NICOTINE patches and gum will be offered to smokers as young as 12, following a project which started in the North-East.

The Department of Health has given approval for the treatment to be offered to child tobacco addicts across England and Wales without their parents' consent.

The move to extend the initiative to the rest of the country comes after the success of a pilot scheme in the region.

As part of the extended scheme, all six secondary schools in the Derwentside district of County Durham will offer nicotine replacement therapy to children aged 12 to 17.

School nurses will be able to offer patches to children who show signs of being addicted to cigarettes.

Health professionals believe it will substantially improve the chances of young people kicking the habit at an early age.

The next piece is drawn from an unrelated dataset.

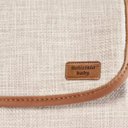 Ver imagem 2 de Trocador Portátil Belle Palha - Batistela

Under the Government's plans, children will be able to get patches and gum prescribed free by their GP, and may be able to buy them over the counter at newsagents and petrol stations - as the Government aims to change the law restricting who can sell the treatments.

A spokesman for the British Medical Association said: "Helping young people give up can prevent a lifetime of ill health and death from lung cancer."

According to research, smokers are twice as likely to succeed in quitting if they use gum and patches but, until now, youngsters under 18 have been advised against using them, as the patches have only been tested on adults.

Now the Government has been told by the Committee on the Safety of Medicines that it is better for youngsters to use patches and gum than for them to continue smoking.

Nationally, about one per cent of 11-year-olds are smokers but, among children aged 11 to 15, the figures rise to seven per cent of boys and ten per cent of girls, while among 16-year-olds, as many as 16 per cent of boys and 26 per cent of girls regularly smoke.

The Derwentside scheme follows a small pilot programme at Greencroft School, in Annfield Plain, last year. Just under half the small sample of children stopped smoking.